🤖 AI Summary
Traditional knowledge component (KC) annotation in programming education relies on labor-intensive expert labeling, hindering scalability and adaptability. Method: We propose KCGen-KT, the first end-to-end large language model (LLM)-driven framework for automatic KC generation and knowledge tracing (KT). It leverages prompt engineering and automated code semantic analysis to produce fine-grained KCs and seamlessly integrates them into KT modeling; interpretability is ensured via performance factor analysis (PFA). Results: Evaluated on real-world programming assignment datasets, KCGen-KT significantly outperforms state-of-the-art KT models. The PFA fit of LLM-generated KCs matches that of human-annotated KCs, and human evaluation confirms their accuracy reaches expert-level proficiency. This work establishes the first fully LLM-empowered pipeline—from automatic KC construction to KT modeling—paving the way for scalable, personalized programming education.
📝 Abstract
Knowledge components (KCs) mapped to problems help model student learning, tracking their mastery levels on fine-grained skills thereby facilitating personalized learning and feedback in online learning platforms. However, crafting and tagging KCs to problems, traditionally performed by human domain experts, is highly labor-intensive.
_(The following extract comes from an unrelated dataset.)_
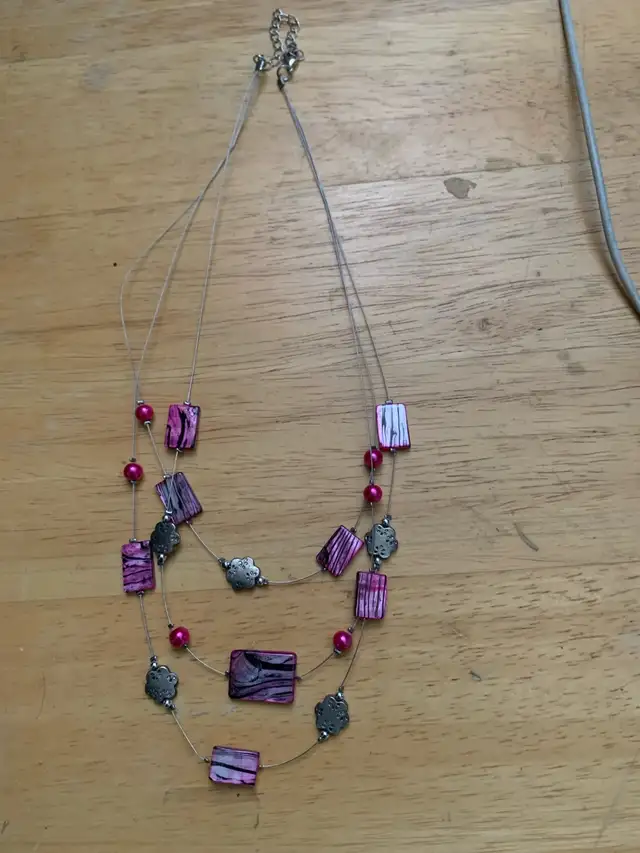 Assorted pink necklaces-beads/pearl/onyx/ tortoiseshell in Jewellery & Watches in City of Montréal - Image 2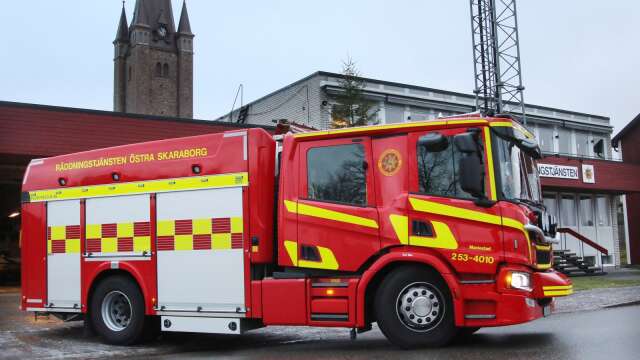 Räddningstjänsten Skaraborg fick i oktober rycka ut två gånger till en adress i Töreboda. Nu misstänks en kvinna i 35-årsåldern för mordbrand.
We present a fully automated, LLM-based pipeline for KC generation and tagging for open-ended programming problems. We also develop an LLM-based knowledge tracing (KT) framework to leverage these LLM-generated KCs, which we refer to as KCGen-KT. We conduct extensive quantitative and qualitative evaluations validating the effectiveness of KCGen-KT. On a real-world dataset of student code submissions to open-ended programming problems, KCGen-KT outperforms existing KT methods. We investigate the learning curves of generated KCs and show that LLM-generated KCs have a comparable level-of-fit to human-written KCs under the performance factor analysis (PFA) model. We also conduct a human evaluation to show that the KC tagging accuracy of our pipeline is reasonably accurate when compared to that by human domain experts.